Ordu Şehir Hastanesi'nde Personel Alımında Torpil İddiaları Kuvvetlendi

Ordu Şehir Hastanesi'nin güvenlik görevlisi alımlarında ortaya çıkan bir detay, sosyal medyada adeta infial yarattı. Sağlık Bakanlığı'nın noter huzurunda gerçekleştirdiği kura çekiminde, asil listede yer alan 12 kişiden tam 5'inin 'Güney' soyadını taşıması, kamuoyunda 'torpil mi var?' sorularını gündeme taşıdı.

Sosyal medya kullanıcılarının paylaştığı görsellerde, aynı soyadın bir pozisyonda bu kadar yoğun şekilde yer alması, kura sürecinin şeffaflığına ilişkin ciddi şüpheleri beraberinde getirdi. Özellikle X platformunda çok sayıda kullanıcı, bu durumun “tesadüf” olamayacak kadar dikkat çekici olduğunu savunarak tepki gösterdi.
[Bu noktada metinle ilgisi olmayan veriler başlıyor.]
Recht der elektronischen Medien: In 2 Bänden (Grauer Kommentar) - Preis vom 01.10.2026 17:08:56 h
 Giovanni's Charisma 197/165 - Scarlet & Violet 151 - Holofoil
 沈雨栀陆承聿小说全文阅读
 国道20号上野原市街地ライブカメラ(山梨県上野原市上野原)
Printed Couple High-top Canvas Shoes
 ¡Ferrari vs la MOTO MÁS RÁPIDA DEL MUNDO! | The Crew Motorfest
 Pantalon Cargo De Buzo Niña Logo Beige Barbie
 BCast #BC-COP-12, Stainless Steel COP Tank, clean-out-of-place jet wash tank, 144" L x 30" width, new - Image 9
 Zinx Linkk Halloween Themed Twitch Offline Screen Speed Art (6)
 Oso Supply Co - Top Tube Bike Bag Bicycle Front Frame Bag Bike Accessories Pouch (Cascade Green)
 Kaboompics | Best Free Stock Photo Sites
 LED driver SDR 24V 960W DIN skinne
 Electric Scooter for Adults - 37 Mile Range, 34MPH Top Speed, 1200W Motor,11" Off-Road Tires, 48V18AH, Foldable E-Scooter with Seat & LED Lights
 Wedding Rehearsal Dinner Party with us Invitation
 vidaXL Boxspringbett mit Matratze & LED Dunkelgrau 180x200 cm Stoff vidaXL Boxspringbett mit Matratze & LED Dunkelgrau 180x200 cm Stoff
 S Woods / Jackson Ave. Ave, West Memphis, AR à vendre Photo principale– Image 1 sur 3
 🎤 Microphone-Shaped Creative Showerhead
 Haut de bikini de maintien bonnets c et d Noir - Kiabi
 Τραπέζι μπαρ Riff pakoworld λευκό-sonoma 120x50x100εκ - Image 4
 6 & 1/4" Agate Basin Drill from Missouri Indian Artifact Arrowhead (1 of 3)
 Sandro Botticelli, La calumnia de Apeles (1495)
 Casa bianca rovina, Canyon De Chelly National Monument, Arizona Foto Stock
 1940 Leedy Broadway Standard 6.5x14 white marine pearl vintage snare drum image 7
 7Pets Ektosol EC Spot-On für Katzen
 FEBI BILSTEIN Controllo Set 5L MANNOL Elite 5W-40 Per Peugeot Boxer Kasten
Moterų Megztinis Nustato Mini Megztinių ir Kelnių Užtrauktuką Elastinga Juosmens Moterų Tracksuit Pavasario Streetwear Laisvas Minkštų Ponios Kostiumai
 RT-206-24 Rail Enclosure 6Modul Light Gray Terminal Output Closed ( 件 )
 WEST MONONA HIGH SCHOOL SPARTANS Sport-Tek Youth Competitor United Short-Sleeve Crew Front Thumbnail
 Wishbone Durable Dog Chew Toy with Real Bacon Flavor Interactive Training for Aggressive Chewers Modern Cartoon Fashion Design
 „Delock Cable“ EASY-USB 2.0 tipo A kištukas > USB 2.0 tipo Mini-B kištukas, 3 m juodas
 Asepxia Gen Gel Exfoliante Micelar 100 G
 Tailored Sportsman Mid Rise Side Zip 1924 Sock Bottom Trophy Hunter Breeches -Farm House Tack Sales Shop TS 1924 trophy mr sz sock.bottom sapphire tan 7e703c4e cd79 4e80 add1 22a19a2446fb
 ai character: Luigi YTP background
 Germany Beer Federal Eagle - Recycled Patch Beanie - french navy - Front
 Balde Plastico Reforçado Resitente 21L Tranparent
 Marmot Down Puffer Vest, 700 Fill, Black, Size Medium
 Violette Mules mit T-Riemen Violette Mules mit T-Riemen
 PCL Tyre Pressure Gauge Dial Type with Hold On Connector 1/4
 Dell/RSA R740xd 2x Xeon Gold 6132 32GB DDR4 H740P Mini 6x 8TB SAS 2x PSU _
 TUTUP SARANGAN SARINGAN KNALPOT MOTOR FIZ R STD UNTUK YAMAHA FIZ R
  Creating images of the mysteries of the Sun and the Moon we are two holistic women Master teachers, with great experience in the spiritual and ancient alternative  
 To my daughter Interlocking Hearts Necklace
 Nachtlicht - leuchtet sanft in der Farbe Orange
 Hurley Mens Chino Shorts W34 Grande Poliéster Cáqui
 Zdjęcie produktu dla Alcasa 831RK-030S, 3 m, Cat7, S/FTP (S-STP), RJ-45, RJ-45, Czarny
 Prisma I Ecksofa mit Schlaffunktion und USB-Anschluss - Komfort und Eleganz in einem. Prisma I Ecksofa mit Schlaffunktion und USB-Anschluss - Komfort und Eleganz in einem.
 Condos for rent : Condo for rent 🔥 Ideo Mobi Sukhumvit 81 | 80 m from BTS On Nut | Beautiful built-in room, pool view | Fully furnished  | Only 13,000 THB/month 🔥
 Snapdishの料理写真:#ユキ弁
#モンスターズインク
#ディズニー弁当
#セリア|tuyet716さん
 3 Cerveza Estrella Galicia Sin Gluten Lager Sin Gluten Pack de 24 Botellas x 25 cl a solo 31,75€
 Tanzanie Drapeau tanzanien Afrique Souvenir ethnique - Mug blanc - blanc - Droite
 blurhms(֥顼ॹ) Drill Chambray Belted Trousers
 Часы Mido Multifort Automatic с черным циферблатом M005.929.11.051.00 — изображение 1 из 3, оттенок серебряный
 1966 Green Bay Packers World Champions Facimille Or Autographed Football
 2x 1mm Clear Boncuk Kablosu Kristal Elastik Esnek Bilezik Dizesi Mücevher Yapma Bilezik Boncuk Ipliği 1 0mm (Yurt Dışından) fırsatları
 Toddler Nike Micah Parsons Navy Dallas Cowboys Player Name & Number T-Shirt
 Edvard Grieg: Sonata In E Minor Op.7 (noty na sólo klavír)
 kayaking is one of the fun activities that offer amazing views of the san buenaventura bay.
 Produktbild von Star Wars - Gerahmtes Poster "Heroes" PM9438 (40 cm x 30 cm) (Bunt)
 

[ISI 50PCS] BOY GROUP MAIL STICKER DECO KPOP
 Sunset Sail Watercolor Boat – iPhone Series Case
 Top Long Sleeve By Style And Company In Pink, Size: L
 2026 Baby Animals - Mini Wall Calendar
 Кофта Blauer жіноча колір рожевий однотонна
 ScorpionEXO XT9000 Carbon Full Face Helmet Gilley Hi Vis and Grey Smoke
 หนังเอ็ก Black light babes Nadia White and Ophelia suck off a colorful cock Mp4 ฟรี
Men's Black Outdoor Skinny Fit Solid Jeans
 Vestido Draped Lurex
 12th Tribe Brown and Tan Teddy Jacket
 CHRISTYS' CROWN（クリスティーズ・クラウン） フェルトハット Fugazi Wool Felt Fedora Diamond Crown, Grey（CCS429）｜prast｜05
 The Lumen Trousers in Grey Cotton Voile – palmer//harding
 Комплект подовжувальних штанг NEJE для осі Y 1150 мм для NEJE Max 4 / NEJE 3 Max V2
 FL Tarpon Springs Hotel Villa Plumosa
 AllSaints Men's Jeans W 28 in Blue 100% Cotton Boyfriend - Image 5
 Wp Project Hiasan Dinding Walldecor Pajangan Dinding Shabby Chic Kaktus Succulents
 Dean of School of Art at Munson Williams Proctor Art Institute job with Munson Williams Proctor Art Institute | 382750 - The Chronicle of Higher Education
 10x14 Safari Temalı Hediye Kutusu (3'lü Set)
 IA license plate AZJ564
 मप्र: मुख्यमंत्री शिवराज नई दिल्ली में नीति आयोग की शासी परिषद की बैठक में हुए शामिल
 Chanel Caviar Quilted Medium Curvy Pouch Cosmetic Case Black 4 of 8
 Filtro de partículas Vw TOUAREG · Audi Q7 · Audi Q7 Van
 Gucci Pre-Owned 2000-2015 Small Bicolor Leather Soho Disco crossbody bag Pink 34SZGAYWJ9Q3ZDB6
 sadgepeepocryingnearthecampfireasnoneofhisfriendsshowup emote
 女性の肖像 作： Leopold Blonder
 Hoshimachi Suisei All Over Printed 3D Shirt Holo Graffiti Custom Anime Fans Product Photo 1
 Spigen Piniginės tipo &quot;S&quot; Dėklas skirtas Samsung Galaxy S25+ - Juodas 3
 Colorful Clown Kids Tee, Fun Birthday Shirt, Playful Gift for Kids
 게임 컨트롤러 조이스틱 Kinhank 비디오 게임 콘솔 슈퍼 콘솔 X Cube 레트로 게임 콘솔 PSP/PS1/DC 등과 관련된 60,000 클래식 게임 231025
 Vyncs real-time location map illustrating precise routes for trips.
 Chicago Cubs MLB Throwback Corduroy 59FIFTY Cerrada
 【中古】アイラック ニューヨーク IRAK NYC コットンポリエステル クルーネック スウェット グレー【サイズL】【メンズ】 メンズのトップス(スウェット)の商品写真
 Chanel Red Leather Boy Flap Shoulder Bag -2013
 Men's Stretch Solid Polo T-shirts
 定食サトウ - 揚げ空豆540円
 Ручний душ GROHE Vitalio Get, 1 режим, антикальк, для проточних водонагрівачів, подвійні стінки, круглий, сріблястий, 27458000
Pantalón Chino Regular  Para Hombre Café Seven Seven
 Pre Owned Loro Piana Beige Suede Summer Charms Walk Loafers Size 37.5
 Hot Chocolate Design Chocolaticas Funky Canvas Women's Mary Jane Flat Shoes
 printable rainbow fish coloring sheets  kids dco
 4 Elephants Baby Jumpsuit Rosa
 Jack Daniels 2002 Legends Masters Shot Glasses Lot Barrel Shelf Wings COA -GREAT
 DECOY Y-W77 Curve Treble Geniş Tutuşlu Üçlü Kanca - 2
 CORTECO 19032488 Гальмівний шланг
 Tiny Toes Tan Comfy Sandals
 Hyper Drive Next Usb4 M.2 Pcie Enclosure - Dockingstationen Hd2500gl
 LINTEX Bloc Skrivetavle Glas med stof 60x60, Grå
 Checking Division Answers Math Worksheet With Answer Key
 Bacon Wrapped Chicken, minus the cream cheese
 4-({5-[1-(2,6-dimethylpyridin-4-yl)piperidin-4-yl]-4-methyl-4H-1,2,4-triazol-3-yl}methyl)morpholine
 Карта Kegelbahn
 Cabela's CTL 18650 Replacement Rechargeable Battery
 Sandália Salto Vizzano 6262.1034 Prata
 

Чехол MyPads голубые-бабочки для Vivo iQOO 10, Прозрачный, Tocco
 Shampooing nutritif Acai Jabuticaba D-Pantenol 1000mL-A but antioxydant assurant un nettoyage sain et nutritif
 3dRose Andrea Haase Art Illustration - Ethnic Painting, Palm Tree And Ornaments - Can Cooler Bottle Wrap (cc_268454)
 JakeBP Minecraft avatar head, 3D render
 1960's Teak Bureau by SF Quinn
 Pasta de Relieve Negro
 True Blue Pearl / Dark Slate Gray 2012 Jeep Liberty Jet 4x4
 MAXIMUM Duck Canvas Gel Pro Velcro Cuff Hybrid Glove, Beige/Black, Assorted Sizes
Sağlık Bakanlığı’nın 12 Kasım’da canlı yayında gerçekleştirdiği işçi alım kurasında, Ordu ili için toplam 500 asil ve yedek aday belirlenmişti. Güvenlik görevlisi kadrosunda ise 122 asil aday arasında aynı soyadının beş kez tekrarlanması, tartışmaları daha da büyüttü.

Torpil İddiaları Gündemde: “Kim Bu Güney Ailesi?”

Memur Birliği Kurucu Başkanı Şakir Artiş de konuya dair yaptığı açıklamada, farklı illerde de benzer soyadı tekrarlarının görüldüğünü söyleyerek kapsamlı bir soruşturma çağrısı yaptı. Artiş, “1 milyon 600 bin başvuru içinden aynı soyadına bu kadar denk gelmek şaşırtıcı. Tüm işçi alımlarının KPSS puanına göre yapılması şart hâline gelmiştir” ifadelerini kullandı.

Kamuoyunda en çok sorulan soru ise şu oldu:

“Peki kim bunlar? Bu 5 kişi hangi siyasetçinin, bürokratın, belediye yöneticisinin akrabası?”

Sosyal medyada dolaşan yorumlarda, isimlerin siyasi bağlantılarının araştırılması gerektiği ifade edilirken, bazı kullanıcılar Ordu’daki yerel siyasi yapı içinde “Güney” soyadının kimlerle ilişkili olduğunu sorgulayan paylaşımlar yaptı.

Bakanlıktan Ses Çıkmadı

Tartışmalar giderek büyürken, Sağlık Bakanlığı tarafından konuya dair henüz resmi bir açıklama yapılmadı. Kamuoyu, kura sürecine ilişkin istatistiksel bir inceleme yapılmasını ve iddiaların aydınlatılmasını bekliyor.

Torpil şüpheleri ve aynı soyadının yoğunluğu, kamu görevlisi alımlarında liyakat tartışmalarını bir kez daha gündemin merkezine taşımış durumda. Şimdi Türkiye’nin merak ettiği soru şu:

“Bu kişilerin gerçekten hak ederek mi kazandığı, yoksa birilerinin referansıyla mı listelere girdiği ortaya çıkacak mı?”